If you will kindly look at the original contract, a copy of which is in
your possession, you will notice that nothing is said about the quality
of the cattle, just so the pounds avoirdupois are there. The government
does not presume, when contracting for Texas cattle, that they will
arrive here in perfect order; but so long as the sex, age, and weight
have been complied with, there can be no evasion of the contract. My
clients are sub-contractors, under an assignment of the original award,
are acting in good faith in making this tender, and if your decision
is against them, we will make an appeal to the War Department. I am not
presuming to tell you your duty, but trust you will take this matter
under full advisement before making your decision final."

"Mr. Y--, I have received cattle before without any legal advice
or interference of higher authority. Although you have ignored his
presence, there is another man here with a tender of beef who is
entitled to more than passing consideration. He holds a sub-contract
under the original award, and there is no doubt but he is also acting in
good faith. My first concern as a receiving agent of this government is
that the goods tendered must be of the first quality. Your cattle fall
below our established standards here, while his will take rank as the
finest lot of beeves ever tendered at this post, and therefore he is
entitled to the award. I am not going to stand on any technicalities
as to who is legally entitled to make this delivery; there have been
charges and counter-charges which have reached me, the justice of which
I cannot pass on, but with the cattle it is quite different. I lack but
five years of being retired on my rank, the greater portion of which
service has been spent on this frontier, and I feel justified in the
decision made. The government buys the best, insists on its receiving
agents demanding the same, and what few remaining years I serve the
flag, there will be no change in my policy."

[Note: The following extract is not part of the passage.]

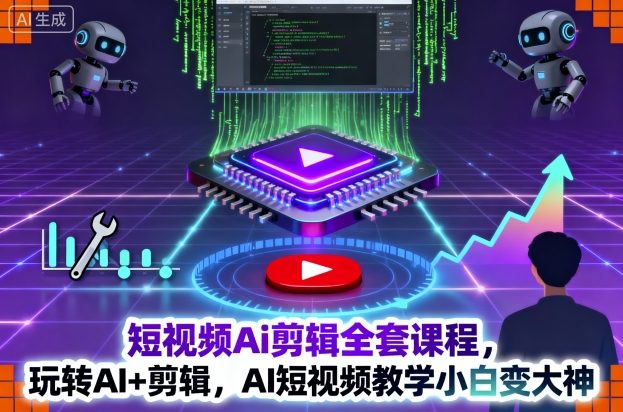 短视频Ai剪辑全套课程，玩转AI+剪辑，AI短视频教学小白变大神-心语项目网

There was a hurried conference. The "major-domo" was called into the
consultation, after which the congressman returned to the attack.

"Colonel, you are forcing us to make a protest to the War Department. As
commander at Fort Buford, what right have you to consider the tender
of any Tom, Dick, or Harry who may have cattle to sell? Armed with
an assignment of the original award, we have tendered you the pounds
quantity required by the existing contract, have insisted on the
acceptance of the same, and if refused, our protest will be in the War
Office before that sun sets. Now, my advice is--"

"I don't give a damn for you nor your advice. My reputation as a soldier
is all I possess, and no man can dictate to nor intimidate me. My past
record is an open book and one which I am proud of; and while I have the
honor to command at Fort Buford, no threats can terrify nor cause me to
deviate from my duty. Captain O'Neill, attend orders and escort these
vehicles back to their quarters."

The escort loosened out, the conveyances started, and the inspection was
over. We were a quiet crowd, though inwardly we all felt like shouting.
We held apart from the military party, and when near the herd which held
the "Circle Dot" steers, my brother and a number of the boys galloped
on ahead and cut out the animals before our arrival. On entering the
wagon-road near the post, the military cavalcade halted a moment for us
to come up. Lovell was in the lead, and as we halted the commandant said
to him: "We have decided to receive your cattle in the morning--about
ten o'clock if that hour will be convenient. I may not come over, but
the quartermaster's Mr. Sanders will count for us, and you cowmen ought
to agree on the numbers. We have delayed you a day, and if you will put
in a bill for demurrage, I will approve it. I believe that is all. We'll
expect you to spend the night with us at the post. I thought it best to
advise you now, so that you might give your men any final orders."